Encoding Strategy

SmartML applies a deterministic, rule-based encoding strategy for tabular datasets to ensure fair and reproducible benchmarking across models.

The encoding process is fully automatic, but not opaque. Every decision is driven by fixed thresholds and explicit rules.

Overview

Encoding in SmartML consists of two independent parts:

Feature encoding (numerical and categorical columns)
Target encoding (classification or regression)

The same encoding logic is applied to all models to guarantee comparability.

Column Type Detection

SmartML inspects the input dataset and splits features into:

Numerical columns
Detected via pandas numeric dtypes
Categorical columns
Detected via object and category dtypes

No manual column specification is required.

Missing Value Handling

Missing values are handled before encoding using fixed strategies:

Numerical features
Imputed using the median
Categorical features
Imputed using the most frequent value

These strategies are chosen for robustness and low variance impact.
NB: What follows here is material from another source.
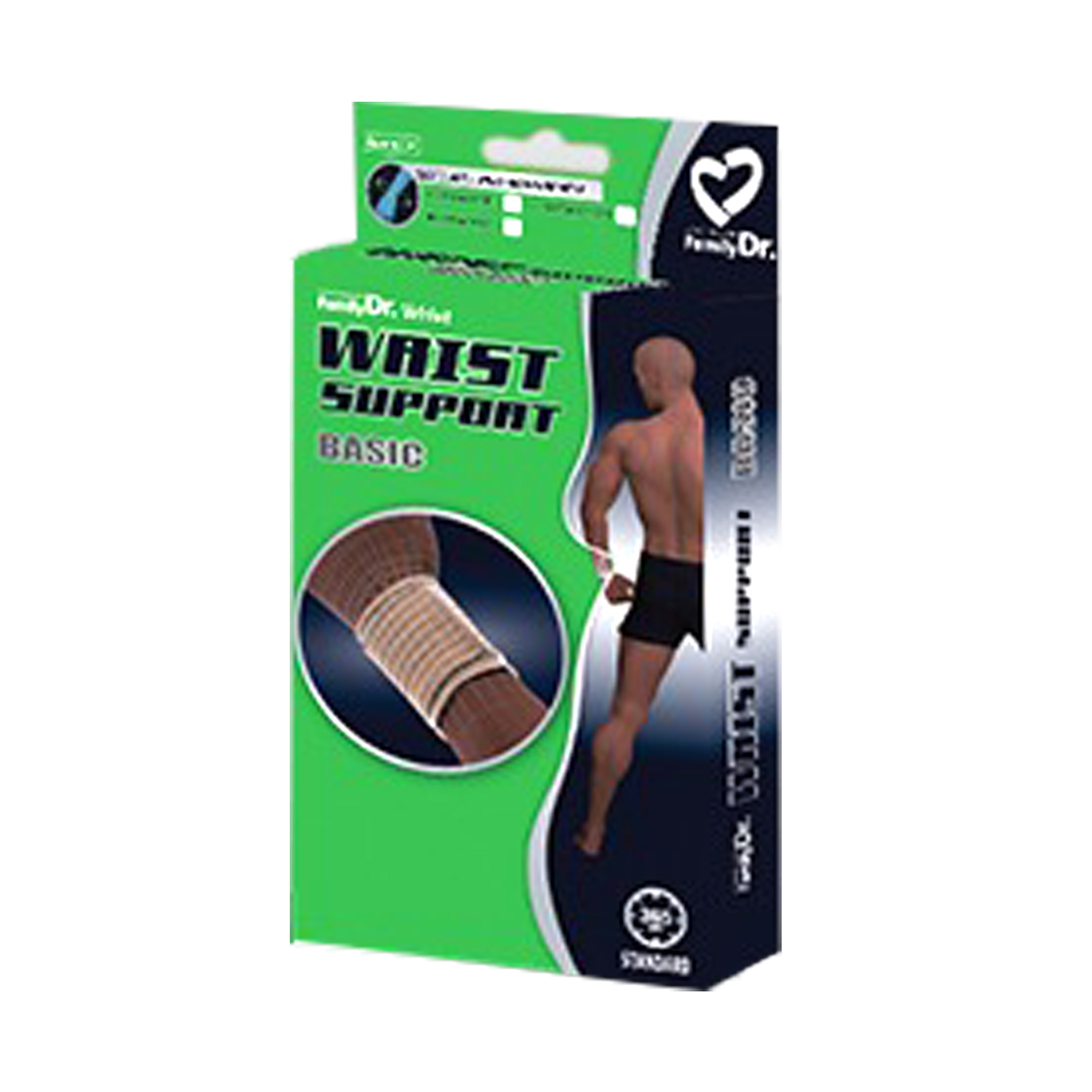 FamilyDr Wrist Support Basic | Gogobli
Categorical Cardinality Analysis

Categorical columns are further divided based on cardinality.

A column is considered:

Low-cardinality if unique values ≤ 10
High-cardinality if unique values > 10

This decision is made per column using the training data only.

Encoding Decision Rules

SmartML uses a hybrid encoding strategy with strict limits to prevent feature explosion.

One-Hot Encoding (OHE)

One-Hot Encoding is used only if all conditions below are met:

Total categorical columns ≤ 10
Column cardinality ≤ 10
Total unique values across low-cardinality columns ≤ 100

If these conditions are satisfied:

Low-cardinality columns → One-Hot Encoding
High-cardinality columns → Target Encoding

If any condition fails, One-Hot Encoding is disabled entirely.

Target Encoding

Target Encoding is applied when:

Cardinality is high
OHE limits are exceeded
Dataset has many categorical columns

Target Encoding uses:

Smoothing = 1.0
Minimum samples per leaf = 1

This avoids overfitting while remaining deterministic.
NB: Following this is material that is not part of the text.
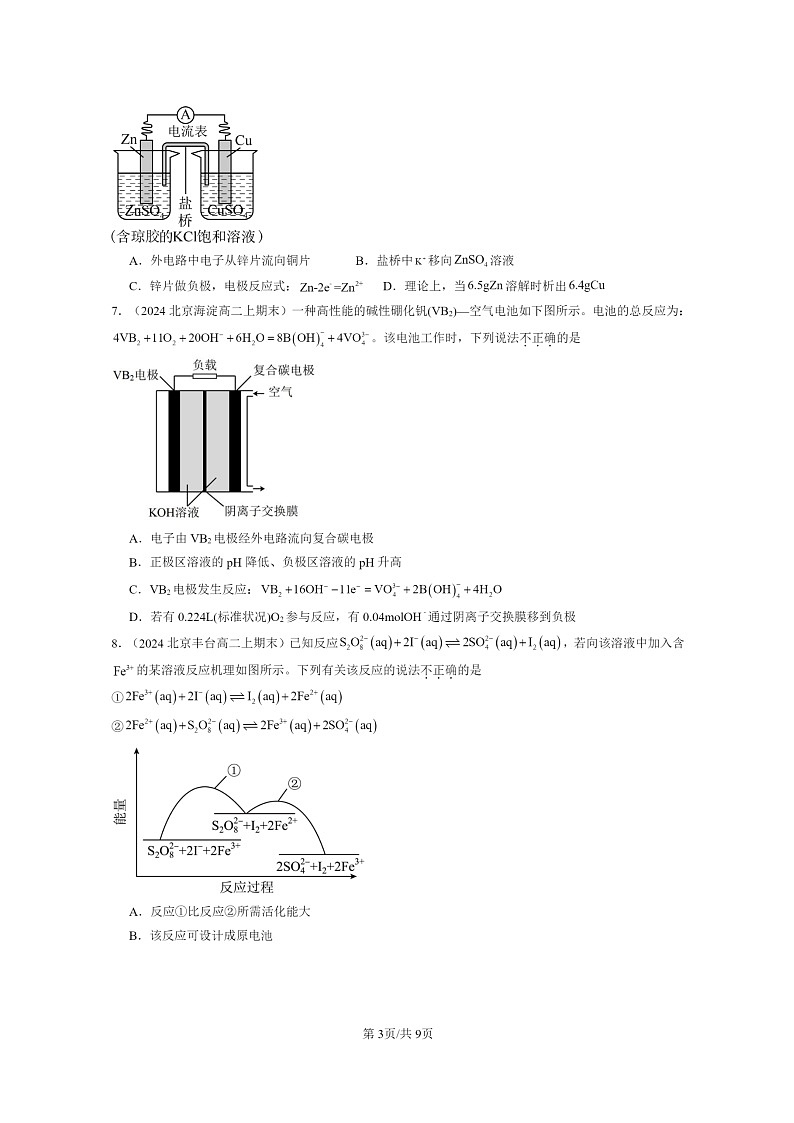 [化学]2024北京重点校高二上学期期末真题分类汇编：原电池第3页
If categorical features exist, target values are required during fitting.

Numerical Feature Processing

Numerical columns are processed using:

Median imputation
No scaling
No normalization

This ensures:

Minimal distortion of feature distributions
Model-agnostic preprocessing
Faster execution

Feature Transformer Construction

All transformations are assembled into a single ColumnTransformer:

Numerical pipeline
Categorical pipeline(s)
Dropped remainder columns
Dense output enforced

Sparse outputs are explicitly disabled to maintain consistency across models.

Feature Output

After transformation:

All features are converted to float32
Output is a dense NumPy array
Feature order is deterministic

This format is compatible with all supported ML and DL models.

Target Encoding Logic

Target encoding depends on task type.

Classification Tasks

Targets are converted to strings
Label encoding is applied
Mapping is learned on training labels only

This ensures consistent class indexing.

Regression Tasks

Targets are passed through directly
Converted to float32
No transformation is applied

Determinism and Reproducibility

The encoding process is:

Deterministic
Stateless after fitting
Independent of model choice

Given the same dataset and random seed, SmartML will always produce identical encoded outputs.

Feature Introspection

SmartML exposes metadata about the encoding process, including:

Number of numerical features
Number of categorical features
Whether OHE was used
Count of low- and high-cardinality columns
Column names per category group

This information is used internally for logging and debugging.

Design Rationale

This encoding strategy prioritizes:

Fairness across models
Controlled feature dimensionality
Predictable behavior
Benchmark stability

Aggressive feature engineering and custom transformations are intentionally excluded.